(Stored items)
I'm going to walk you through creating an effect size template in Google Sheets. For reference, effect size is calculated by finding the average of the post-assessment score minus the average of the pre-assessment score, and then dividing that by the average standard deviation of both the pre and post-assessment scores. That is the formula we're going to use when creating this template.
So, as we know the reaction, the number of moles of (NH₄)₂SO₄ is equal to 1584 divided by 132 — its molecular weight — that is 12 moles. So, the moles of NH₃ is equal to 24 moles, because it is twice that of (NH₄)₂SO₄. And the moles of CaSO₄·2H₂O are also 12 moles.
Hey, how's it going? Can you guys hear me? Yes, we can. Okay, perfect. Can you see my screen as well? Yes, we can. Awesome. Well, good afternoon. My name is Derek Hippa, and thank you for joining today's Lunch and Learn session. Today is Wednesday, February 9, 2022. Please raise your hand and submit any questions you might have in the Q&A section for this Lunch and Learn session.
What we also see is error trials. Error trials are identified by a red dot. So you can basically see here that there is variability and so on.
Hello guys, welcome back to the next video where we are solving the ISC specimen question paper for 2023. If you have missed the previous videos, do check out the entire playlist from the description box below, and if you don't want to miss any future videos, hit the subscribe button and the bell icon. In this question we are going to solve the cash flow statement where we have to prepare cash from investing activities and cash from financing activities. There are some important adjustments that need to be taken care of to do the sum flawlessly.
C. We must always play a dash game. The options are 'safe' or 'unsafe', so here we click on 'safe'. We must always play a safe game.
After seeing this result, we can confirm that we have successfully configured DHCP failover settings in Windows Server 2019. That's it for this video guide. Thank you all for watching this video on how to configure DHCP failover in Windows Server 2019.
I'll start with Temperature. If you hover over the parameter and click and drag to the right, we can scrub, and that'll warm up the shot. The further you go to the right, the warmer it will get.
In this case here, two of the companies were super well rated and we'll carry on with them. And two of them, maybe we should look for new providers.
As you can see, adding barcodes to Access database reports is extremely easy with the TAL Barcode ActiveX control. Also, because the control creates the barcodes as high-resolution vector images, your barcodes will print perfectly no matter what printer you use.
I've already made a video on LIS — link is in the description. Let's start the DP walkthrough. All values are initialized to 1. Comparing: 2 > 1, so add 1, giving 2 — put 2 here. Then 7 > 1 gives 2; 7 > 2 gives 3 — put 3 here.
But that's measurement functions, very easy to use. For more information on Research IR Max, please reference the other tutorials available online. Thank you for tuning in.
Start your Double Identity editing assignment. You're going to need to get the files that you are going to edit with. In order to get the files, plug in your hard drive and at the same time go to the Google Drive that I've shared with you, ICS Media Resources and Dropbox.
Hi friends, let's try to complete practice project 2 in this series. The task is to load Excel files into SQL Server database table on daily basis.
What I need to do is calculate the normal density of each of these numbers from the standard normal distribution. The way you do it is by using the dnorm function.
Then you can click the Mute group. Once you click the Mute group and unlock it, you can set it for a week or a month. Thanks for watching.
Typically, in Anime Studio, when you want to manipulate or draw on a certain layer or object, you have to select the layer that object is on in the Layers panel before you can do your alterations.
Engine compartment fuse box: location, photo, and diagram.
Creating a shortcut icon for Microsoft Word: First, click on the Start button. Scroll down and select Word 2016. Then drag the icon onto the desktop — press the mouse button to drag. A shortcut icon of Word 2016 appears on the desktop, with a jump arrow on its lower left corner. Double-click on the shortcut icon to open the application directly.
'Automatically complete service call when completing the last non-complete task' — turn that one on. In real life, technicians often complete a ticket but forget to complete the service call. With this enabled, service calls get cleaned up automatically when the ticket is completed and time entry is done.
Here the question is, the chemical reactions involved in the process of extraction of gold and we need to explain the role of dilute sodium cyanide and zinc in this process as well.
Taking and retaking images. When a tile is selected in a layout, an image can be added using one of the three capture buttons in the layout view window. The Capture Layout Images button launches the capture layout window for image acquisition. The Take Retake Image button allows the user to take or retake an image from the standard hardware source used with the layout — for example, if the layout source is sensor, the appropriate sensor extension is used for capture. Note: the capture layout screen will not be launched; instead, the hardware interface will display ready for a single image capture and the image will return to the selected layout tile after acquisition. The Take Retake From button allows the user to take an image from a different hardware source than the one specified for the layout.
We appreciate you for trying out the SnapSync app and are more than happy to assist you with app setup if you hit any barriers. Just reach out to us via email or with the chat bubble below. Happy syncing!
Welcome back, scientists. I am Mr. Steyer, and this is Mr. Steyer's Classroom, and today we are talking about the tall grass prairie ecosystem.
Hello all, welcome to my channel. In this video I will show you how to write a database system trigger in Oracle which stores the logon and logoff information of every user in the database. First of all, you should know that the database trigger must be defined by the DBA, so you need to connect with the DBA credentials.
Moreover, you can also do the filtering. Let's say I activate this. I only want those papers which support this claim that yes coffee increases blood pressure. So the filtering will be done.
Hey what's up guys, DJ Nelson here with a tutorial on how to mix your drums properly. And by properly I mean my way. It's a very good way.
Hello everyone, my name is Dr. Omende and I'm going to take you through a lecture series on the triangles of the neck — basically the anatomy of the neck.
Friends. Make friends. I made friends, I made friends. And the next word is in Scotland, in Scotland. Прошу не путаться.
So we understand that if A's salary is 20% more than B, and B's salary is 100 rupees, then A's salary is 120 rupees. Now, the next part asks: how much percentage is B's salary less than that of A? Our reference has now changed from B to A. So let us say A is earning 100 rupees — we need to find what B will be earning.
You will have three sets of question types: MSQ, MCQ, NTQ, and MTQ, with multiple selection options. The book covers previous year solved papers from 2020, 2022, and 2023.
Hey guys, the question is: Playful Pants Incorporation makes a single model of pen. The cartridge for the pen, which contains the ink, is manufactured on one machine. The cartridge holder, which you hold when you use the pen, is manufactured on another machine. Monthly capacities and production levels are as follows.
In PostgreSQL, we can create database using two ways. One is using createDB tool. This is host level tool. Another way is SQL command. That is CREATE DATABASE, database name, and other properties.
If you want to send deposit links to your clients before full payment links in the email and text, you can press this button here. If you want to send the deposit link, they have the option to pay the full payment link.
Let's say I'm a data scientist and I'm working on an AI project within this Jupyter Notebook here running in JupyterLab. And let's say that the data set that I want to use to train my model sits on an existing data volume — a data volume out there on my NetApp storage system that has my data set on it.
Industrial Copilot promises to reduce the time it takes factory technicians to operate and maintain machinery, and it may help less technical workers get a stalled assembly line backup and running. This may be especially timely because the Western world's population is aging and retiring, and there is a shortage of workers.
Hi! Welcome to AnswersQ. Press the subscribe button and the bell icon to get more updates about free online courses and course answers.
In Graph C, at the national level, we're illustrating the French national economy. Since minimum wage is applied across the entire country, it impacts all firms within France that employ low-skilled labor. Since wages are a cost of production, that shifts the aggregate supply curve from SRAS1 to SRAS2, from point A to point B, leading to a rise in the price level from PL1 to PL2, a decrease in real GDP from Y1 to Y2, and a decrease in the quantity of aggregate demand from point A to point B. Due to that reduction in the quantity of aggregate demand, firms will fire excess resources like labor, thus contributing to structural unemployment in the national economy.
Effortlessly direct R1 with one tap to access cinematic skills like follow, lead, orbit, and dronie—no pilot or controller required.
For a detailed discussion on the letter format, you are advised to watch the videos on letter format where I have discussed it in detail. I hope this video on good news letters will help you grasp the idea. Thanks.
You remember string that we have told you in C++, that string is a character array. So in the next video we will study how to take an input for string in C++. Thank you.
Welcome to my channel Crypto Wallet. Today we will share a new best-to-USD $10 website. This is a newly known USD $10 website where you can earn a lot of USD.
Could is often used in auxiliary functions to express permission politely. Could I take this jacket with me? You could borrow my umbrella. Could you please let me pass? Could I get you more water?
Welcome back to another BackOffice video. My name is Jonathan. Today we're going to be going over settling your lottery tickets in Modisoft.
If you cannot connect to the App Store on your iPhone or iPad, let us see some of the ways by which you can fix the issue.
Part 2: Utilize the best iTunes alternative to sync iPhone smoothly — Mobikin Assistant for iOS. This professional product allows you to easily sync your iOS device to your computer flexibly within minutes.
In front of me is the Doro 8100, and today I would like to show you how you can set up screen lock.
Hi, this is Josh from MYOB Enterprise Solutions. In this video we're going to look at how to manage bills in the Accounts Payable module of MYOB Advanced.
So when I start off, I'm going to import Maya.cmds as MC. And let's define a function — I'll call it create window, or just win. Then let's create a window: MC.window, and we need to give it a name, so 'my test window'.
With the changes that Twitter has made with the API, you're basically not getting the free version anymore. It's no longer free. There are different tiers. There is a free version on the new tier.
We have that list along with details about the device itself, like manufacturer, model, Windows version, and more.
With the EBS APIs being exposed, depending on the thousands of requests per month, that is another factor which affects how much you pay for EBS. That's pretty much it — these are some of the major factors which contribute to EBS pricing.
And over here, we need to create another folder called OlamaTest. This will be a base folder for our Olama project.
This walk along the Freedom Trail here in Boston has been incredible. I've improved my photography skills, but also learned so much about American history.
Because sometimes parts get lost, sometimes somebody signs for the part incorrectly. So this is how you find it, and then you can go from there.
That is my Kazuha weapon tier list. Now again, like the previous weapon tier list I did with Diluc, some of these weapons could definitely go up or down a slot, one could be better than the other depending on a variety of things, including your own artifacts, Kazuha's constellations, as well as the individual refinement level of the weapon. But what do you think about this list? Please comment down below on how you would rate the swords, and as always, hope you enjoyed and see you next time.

WHAT YOU HAVE TO DO:
Retype the records above, but only those lines that fall between the line containing "C. We must always" and the line containing "In this case", with both of those lines included, exactly as written.

RESULT OF THIS EXERCISE:
C. We must always play a dash game. The options are 'safe' or 'unsafe', so here we click on 'safe'. We must always play a safe game.
After seeing this result, we can confirm that we have successfully configured DHCP failover settings in Windows Server 2019. That's it for this video guide. Thank you all for watching this video on how to configure DHCP failover in Windows Server 2019.
I'll start with Temperature. If you hover over the parameter and click and drag to the right, we can scrub, and that'll warm up the shot. The further you go to the right, the warmer it will get.
In this case here, two of the companies were super well rated and we'll carry on with them. And two of them, maybe we should look for new providers.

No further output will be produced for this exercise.